We found that archerfish are comparable to the primates in their capacity to use a motion signal combined with discontinuity to perform figure-ground segmentation (Fig. 5). This was true in the case of their success rate under different conditions with the moving target and their inability to perform the task when the target was static.

This finding is important since it indicates that the capacity to use a motion signal to segment figures from the background has evolved independently across taxa (Nilsson 2009). As fish and mammals diverged about 450 MY ago, the ability to perform segmentation based on a motion signal has probably evolved several times whenever this ability was needed. An additional option is that this ability is so fundamental that it predates the split and is ancestral to all vertebrates.

Previous literature on figure ground segmentation in fish has only examined conditions where the visual cues consisted of intensity or orientation contrast in redtail splitfins (Sovrano and Bisazza 2009) and in archerfish (Mokeichev et al. 2010). These works reported that fish can perceive subjective, or illusionary, contours when these contours lack a physical counterpart in terms of luminance contrast gradients. These contours can be based on either continuity with nearby real contours or changes in texture that define the contour. These studies differ from the work reported here since the segmentation process did not use motion as a cue. The present study is thus the first to focus on motion as the single unambiguous cue for figure-ground segmentation in fish.

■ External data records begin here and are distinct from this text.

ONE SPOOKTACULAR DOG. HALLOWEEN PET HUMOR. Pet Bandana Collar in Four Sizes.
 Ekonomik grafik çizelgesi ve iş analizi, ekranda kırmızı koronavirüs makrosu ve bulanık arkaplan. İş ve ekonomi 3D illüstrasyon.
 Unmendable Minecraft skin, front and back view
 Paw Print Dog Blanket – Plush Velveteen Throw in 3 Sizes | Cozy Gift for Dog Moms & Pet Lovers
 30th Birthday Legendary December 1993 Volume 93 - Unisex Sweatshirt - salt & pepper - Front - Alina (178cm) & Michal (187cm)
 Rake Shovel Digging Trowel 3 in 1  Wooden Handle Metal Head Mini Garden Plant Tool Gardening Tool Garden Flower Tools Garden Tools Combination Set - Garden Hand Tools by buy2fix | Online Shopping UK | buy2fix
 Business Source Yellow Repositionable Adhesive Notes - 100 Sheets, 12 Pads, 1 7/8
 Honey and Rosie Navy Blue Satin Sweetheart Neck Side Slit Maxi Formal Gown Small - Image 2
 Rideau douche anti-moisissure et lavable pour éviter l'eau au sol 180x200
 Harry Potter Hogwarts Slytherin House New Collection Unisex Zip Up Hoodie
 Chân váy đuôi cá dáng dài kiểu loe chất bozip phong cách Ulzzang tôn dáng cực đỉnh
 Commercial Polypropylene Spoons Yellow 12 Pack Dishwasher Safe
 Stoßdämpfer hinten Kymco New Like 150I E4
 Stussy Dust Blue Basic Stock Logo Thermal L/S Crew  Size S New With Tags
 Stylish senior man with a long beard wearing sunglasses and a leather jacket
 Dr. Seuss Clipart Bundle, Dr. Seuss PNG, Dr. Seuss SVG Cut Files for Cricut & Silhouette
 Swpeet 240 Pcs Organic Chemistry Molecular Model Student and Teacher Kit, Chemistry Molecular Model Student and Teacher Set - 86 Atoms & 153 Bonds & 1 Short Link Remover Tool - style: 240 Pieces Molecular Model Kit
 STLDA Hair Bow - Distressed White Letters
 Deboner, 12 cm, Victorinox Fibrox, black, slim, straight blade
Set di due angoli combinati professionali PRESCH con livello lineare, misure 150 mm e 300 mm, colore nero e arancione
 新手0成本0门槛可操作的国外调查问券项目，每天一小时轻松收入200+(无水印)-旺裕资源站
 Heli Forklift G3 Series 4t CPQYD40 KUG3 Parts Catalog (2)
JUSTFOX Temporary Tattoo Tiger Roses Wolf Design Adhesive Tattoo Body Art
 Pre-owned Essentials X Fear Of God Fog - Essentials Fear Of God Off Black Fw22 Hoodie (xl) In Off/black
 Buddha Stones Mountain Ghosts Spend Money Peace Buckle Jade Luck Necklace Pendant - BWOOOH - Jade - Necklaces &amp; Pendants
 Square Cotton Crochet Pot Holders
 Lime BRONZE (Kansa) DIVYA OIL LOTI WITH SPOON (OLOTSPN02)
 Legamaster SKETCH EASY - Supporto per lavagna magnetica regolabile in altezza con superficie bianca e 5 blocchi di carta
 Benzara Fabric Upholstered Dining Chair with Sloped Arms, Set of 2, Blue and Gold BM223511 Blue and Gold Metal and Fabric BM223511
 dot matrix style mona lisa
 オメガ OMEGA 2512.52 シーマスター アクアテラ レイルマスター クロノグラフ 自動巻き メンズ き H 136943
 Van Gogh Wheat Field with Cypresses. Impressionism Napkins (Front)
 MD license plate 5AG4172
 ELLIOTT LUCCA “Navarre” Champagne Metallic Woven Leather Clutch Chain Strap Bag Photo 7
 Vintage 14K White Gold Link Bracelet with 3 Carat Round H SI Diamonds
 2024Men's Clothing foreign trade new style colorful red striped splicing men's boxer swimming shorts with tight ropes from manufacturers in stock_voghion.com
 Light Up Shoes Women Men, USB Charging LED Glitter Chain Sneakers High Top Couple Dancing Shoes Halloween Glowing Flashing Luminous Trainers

In the archerfish, studies on object recognition generally deal with cases where the object could be easily segmented from the ground based on discontinuity of intensity. This was observed in both the case of object recognition of naturalistic objects (Volotsky et al. 2022) and in the case of human face recognition (Newport et al. 2018). In addition, in previous work, the targets did not move, although it is well-known that motion is a salient visual cue for the archerfish visual system (Ben-Tov et al. 2015; Reichenthal et al. 2019).

Another lineage that has received considerable attention in the literature on figure-ground segmentation is birds, especially pigeons (Lazareva et al. 2006; Clark et al. 2022). Studies on birds suggest they may attend to the figural region rather than use local properties when performing figure-ground segmentation. It was suggested that specific regions in the brain might be responsible for figure-ground segmentation (Scully et al. 2014). Recent work on the barn owl tested its ability to detect a figure using the animal’s self-motion and found that information about self-motion can facilitate orientation-based figure-ground segmentation (Dutta et al. 2020). The present study is complementary to these works since we explored segmentation in another taxon.

The study of figure-ground segmentation across species raises the question, what is the neural basis of this visual processing capability? As knowledge about the function of single cells in the early visual system is still lacking in some species and exists in others (Luongo et al. 2023; Reichenthal et al. 2018; Self et al. 2013; Baumann et al. 1997) there is a need for future work to address this question in full.

Conclusion

We examined the ability of archerfish to segment figure from ground based on motion cues. Indeed, the archerfish were able to use the motion signal, however, depending on the stimuli, the fish could use additional orientation signal for segmentation. Future studies should explore whether and how this visual segmentation process is carried out by the neural circuitry responsible for object recognition in the archerfish.